Exactly and only the lines below from the one containing "T-shirt Coupe de Thé !" down to the one containing "appartement chaleureux meublé" are wanted, both included; please exclude every picture.

→ **RECORD EXCERPTS**
┄┄┄┄┄┄┄┄┄┄┄┄┄┄┄┄┄┄┄┄
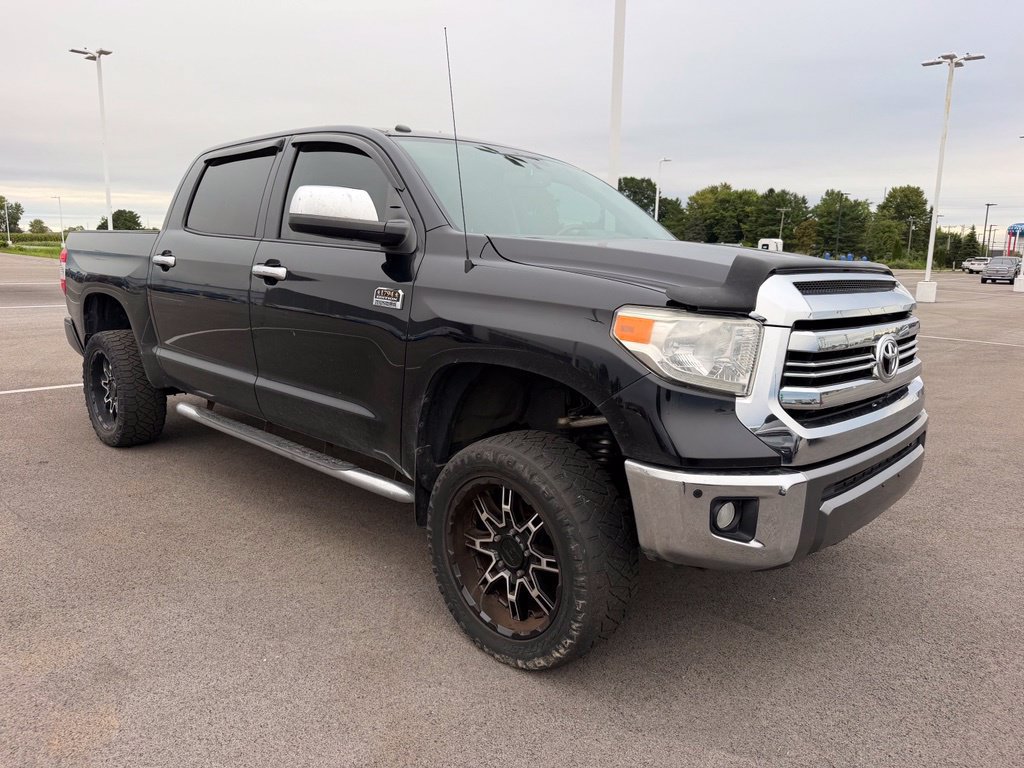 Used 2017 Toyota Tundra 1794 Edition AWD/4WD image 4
┄┄┄┄┄┄┄┄┄┄┄┄┄┄┄┄┄┄┄┄
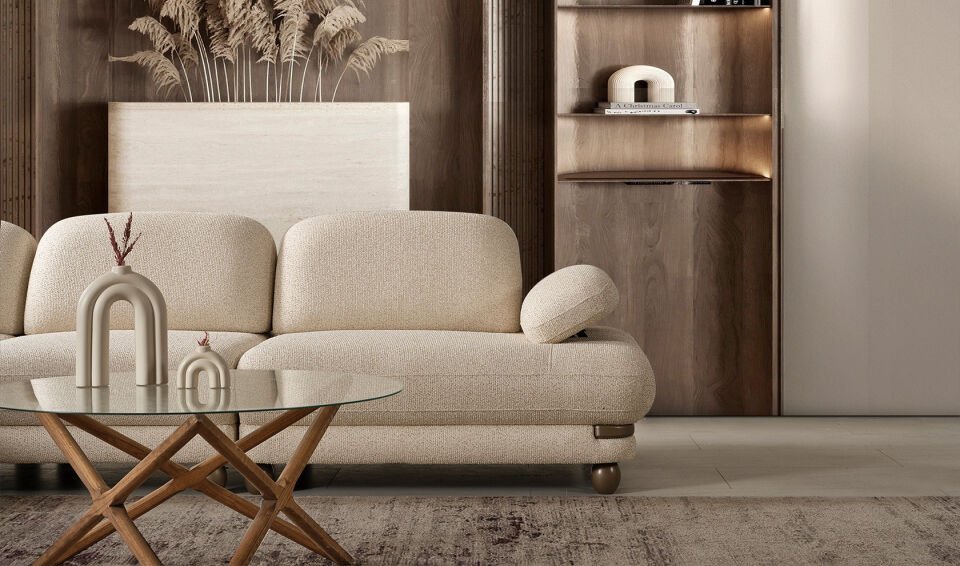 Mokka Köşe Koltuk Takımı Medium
┄┄┄┄┄┄┄┄┄┄┄┄┄┄┄┄┄┄┄┄
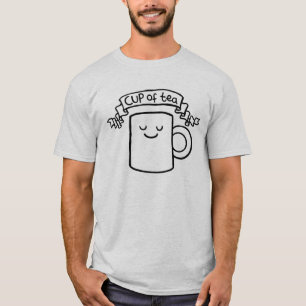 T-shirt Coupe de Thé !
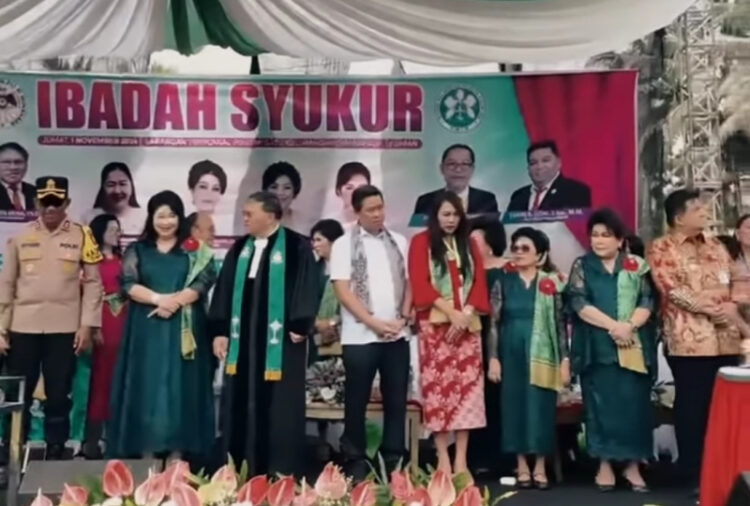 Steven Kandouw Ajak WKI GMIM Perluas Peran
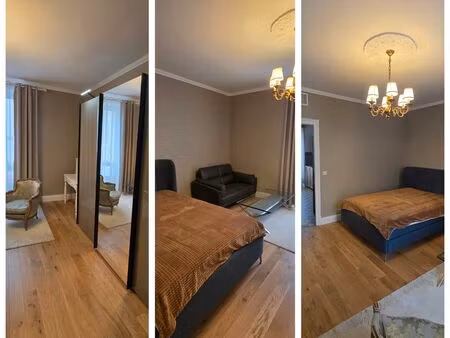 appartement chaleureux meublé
┄┄┄┄┄┄┄┄┄┄┄┄┄┄┄┄┄┄┄┄
→ **RESPONSE AREA**
 T-shirt Coupe de Thé !
 Steven Kandouw Ajak WKI GMIM Perluas Peran
 appartement chaleureux meublé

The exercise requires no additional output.